Eastern Slope. Soil fills overlay the bedrock in the six northern squares. A section cut here exposed meager remains of a north–south aligned foundation wall (L607), made of the same concrete as the Jordanian military trenches. In the middle of the excavation strip, fragmentary remains of the foundations of a southeast–northwest oriented wall (L614) were exposed; based on the associated pottery, this wall was dated to the Herodian period. The wall was probably part of the Herodian architectural complex since its northwestern continuation was uncovered in the previous excavation. An approximately north–south aligned Jordanian military trench exposed in the southern part of the excavation strip was built of medium-sized stones, lightly dressed on the interior, and preserved for five courses. The gaps between the stones were filled with coarse gray concrete, containing many white plaster fragments that may have come from the roof of the Herodian building (L610; Fig. 4). An ashlar stone lying on the floor in the middle of the trench was probably dismantled from the adjacent Herodian wall that surrounded the site. The trench yielded metal artifacts, bullets and bullet cases. The bedrock was exposed in the two southern squares.
Southern Slope. The probe trench (L623; depth 0.5 m) did not yield any ancient architectural remains. The continuation of a previously excavated east–west oriented Jordanian military trench (L624) was similar to the trench unearthed on the eastern slope.

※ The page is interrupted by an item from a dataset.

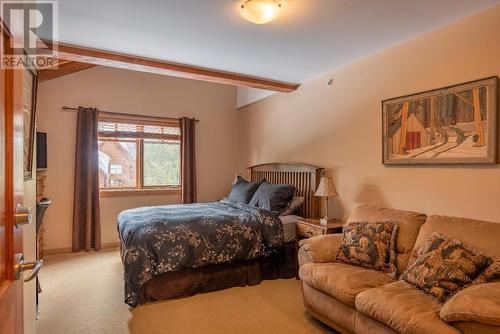 1003 Mountain View Road Unit# B, Rossland, BC - Indoor Photo Showing Bedroom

The excavation yielded pottery (see below), glass fragments and seven bronze coins, five of which were identified (see below). A decorated bronze ring was also retrieved. The finds date from the first century BCE to the second century CE. The glass includes fragments of about ten vessels, one fragment identified as the solid flat base of a cup or bowl with vertical drawn ribs, and another as the rim of a bowl with an outer tubular fold (not drawn). These glass vessels date to the Early Roman period, specifically to the period between the two revolts (70–135 CE).
Yodan Fleitman
About 100 sherds were retrieved from the unstratified earth fills at the foot of the Herodian structure. The wheel-made pottery assemblage includes different types of dining, cooking and storage vessels, and a single oil lamp. A few vessel types, namely a locally painted jug, an Eastern Sigillata A vessel and probably also a single imported amphora, hint at the site’s affluent status.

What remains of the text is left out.